Set down the entries below exactly; drop the pictures.

*THE INPUT*.
[Start of section]

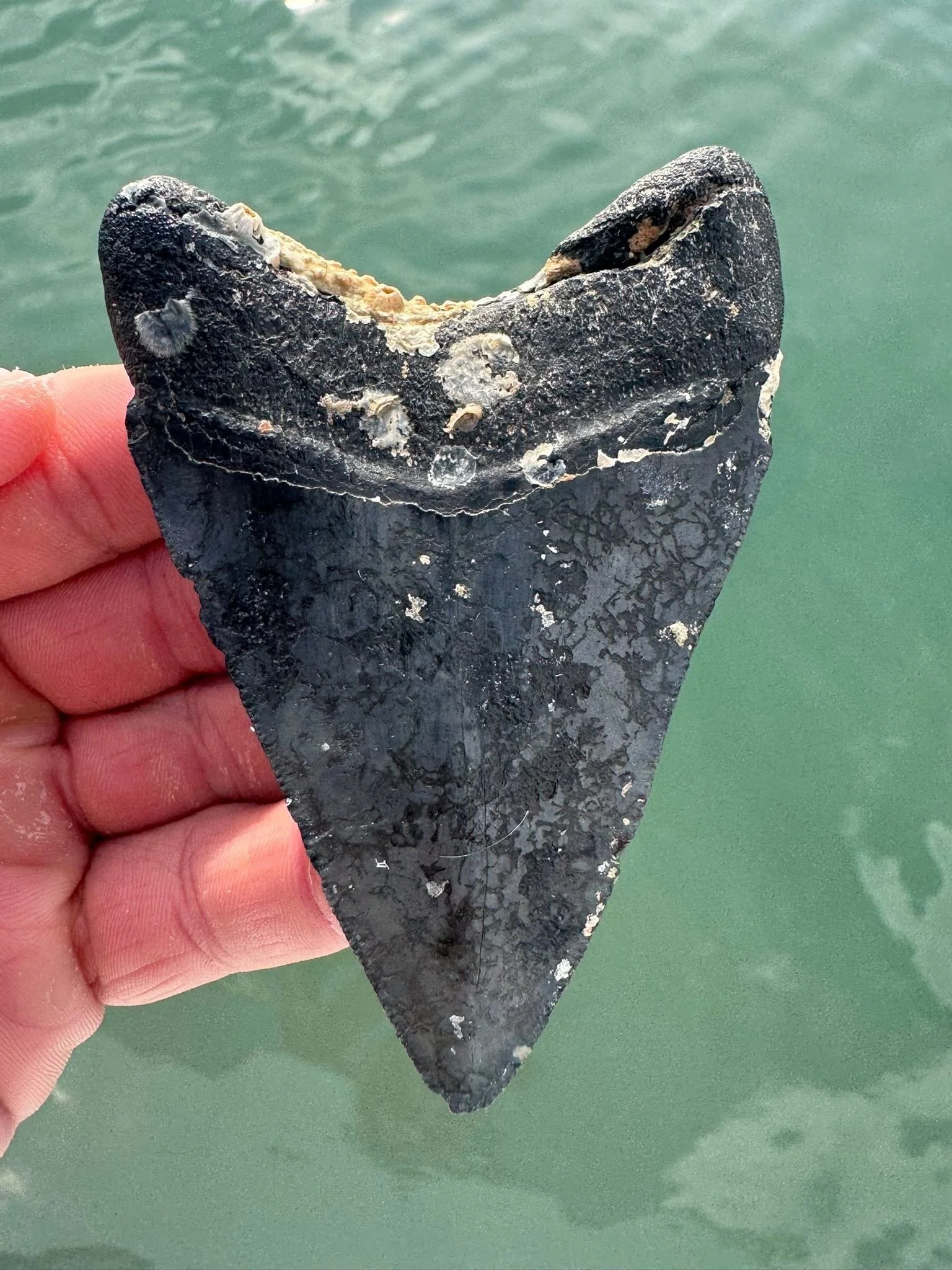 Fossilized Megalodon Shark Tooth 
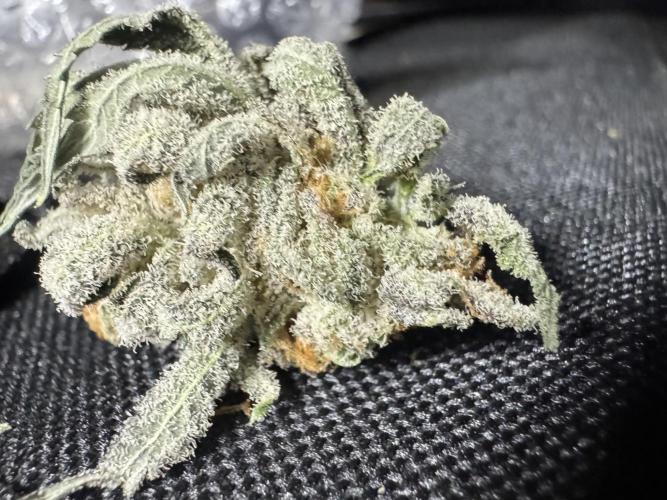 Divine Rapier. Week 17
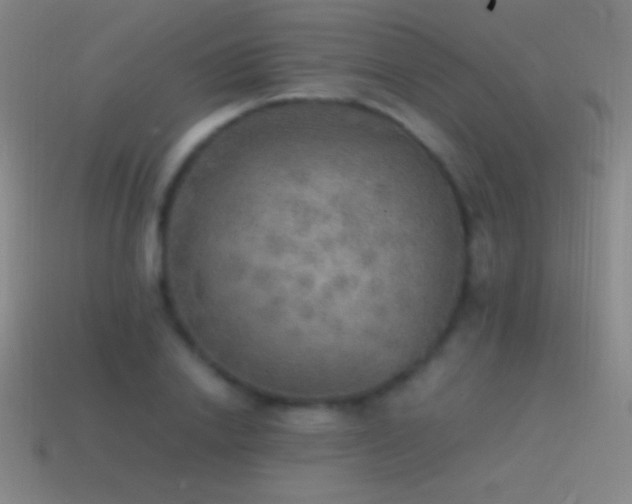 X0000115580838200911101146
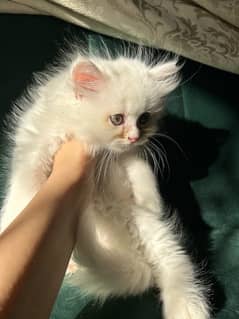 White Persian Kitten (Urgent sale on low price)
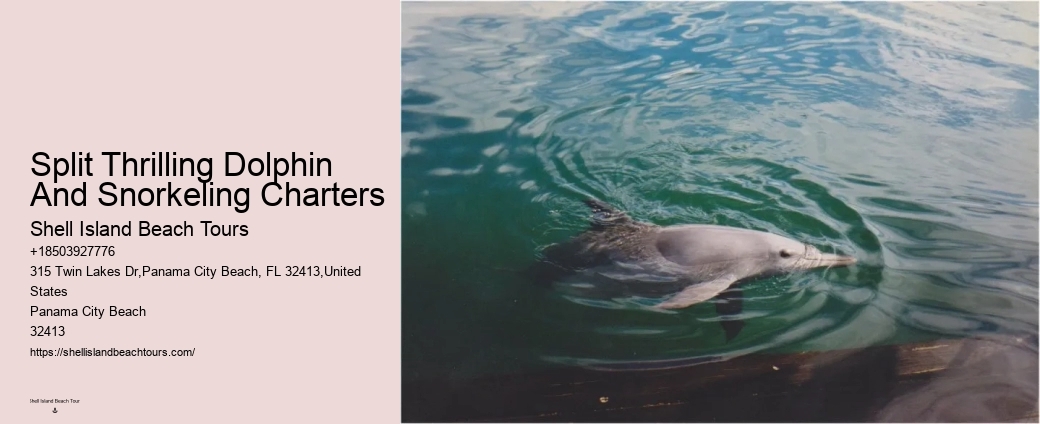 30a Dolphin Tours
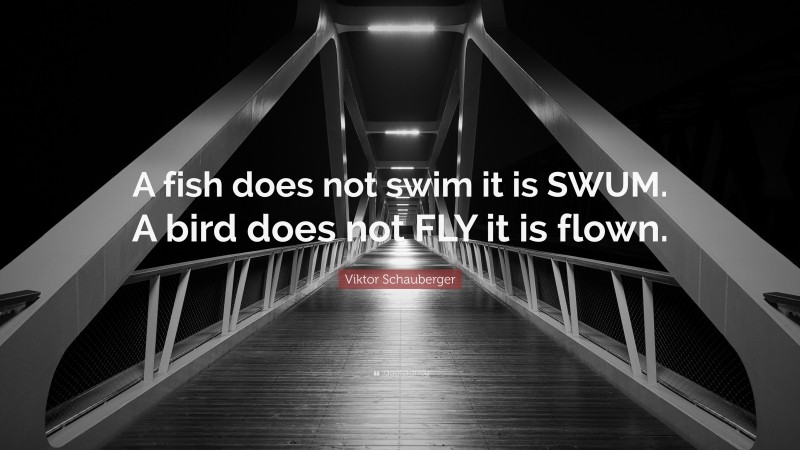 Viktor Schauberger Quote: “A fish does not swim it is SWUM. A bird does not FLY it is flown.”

[End of section]

*TASK SOLUTION*.
 Fossilized Megalodon Shark Tooth 
 Divine Rapier. Week 17
 X0000115580838200911101146
 White Persian Kitten (Urgent sale on low price)
 30a Dolphin Tours
 Viktor Schauberger Quote: “A fish does not swim it is SWUM. A bird does not FLY it is flown.”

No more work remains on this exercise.